The Wnt/β-catenin pathway is also essential for stem cell maintenance. A previous study showed that β-catenin overexpression decreased cytomembrane localization of NIS and RAI uptake ability in FTC-133 cells [ref. 26]. However, in rat thyroid follicular cell lines, β-catenin as downstream of thyrotropin and insulin-like growth factor 1 increased the expression of Pax8 and NIS [ref. 27]. It should be noted that differential β-catenin expression between benign and malignant thyroid neoplasms was seen in cytoplasmic or nuclear localization (indicating accumulation of the Wnt canonical pathway) but not membranous localization (non-Wnt signaling) [ref. 28]. Furthermore, cytoplasmic/nuclear β-catenin expression was strongly associated with galectin-3 expression. Galectin-3 is a carbohydrate-binding protein commonly overexpressed in thyroid cancer and can serve as a diagnostic biomarker of thyroid cancer.
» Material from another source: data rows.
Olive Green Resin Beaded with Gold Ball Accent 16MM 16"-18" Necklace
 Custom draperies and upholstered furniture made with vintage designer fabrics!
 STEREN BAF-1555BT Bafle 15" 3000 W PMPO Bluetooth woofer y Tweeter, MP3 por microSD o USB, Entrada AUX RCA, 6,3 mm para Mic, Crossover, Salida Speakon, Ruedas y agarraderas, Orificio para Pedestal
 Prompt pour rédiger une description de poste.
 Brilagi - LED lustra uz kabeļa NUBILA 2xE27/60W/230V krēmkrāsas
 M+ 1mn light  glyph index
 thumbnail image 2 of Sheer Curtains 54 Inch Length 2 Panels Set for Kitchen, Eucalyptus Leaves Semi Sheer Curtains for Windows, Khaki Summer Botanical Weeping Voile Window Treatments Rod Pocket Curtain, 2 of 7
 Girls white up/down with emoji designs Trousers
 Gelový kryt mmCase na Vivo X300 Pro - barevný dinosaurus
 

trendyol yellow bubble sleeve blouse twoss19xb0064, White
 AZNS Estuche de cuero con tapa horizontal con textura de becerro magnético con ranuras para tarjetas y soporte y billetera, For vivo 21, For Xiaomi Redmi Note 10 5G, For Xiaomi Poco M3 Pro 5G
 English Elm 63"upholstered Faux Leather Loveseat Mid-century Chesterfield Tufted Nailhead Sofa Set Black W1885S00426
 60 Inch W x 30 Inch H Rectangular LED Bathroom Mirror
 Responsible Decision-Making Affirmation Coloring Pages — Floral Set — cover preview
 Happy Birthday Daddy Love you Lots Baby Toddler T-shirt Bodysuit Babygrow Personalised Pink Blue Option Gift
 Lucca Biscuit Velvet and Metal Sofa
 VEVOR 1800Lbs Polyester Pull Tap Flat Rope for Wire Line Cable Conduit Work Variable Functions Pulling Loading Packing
Recently, we reported that galectin-3 inhibitors could suppress anoikis resistance and invasive capacity in thyroid cancer cells [ref. 29]. Activation of the Wnt/β-catenin pathway along with NIS downregulation is a fascinating topic for future work.
A non-pump function of intracellular non-membranous NIS may have a tumorigenic role [ref. 30]. In the current study, we observed upregulation of the DNA replication pathway and MYC pathway in the low NIS group. Network analysis revealed that MYC is one of the essential proteins that regulate NIS expression in anaplastic thyroid cancer [ref. 31]. Interestingly, a BRD4 inhibitor, JQ1, was able to suppress MYC and enhance NIS expression [ref. 32]. MYC-stimulated cell proliferation may potentiate genotoxic stress induced by oncogenic drivers. NIS repression can also result from DNA damage involving ATM-mediated mechanisms [ref. 33]. We noted that dermatopontin is among the top-ranked differentially expressed genes among both the high and low NIS groups. Dermatopontin impeded the proliferation of thyroid cancer cells through MYC repression [ref. 34]. It will be intriguing to determine whether MYC transcriptionally regulates NIS expression.
Taken together, through a propensity score-matched analysis, our transcriptome analysis identified several novel pathways that could serve as potential targets in future studies to reverse the loss of NIS expression in thyroid cancer. More research is warranted to determine the translatability of these findings for developing redifferentiation strategies for the management of patients with RAI-refractory thyroid cancer.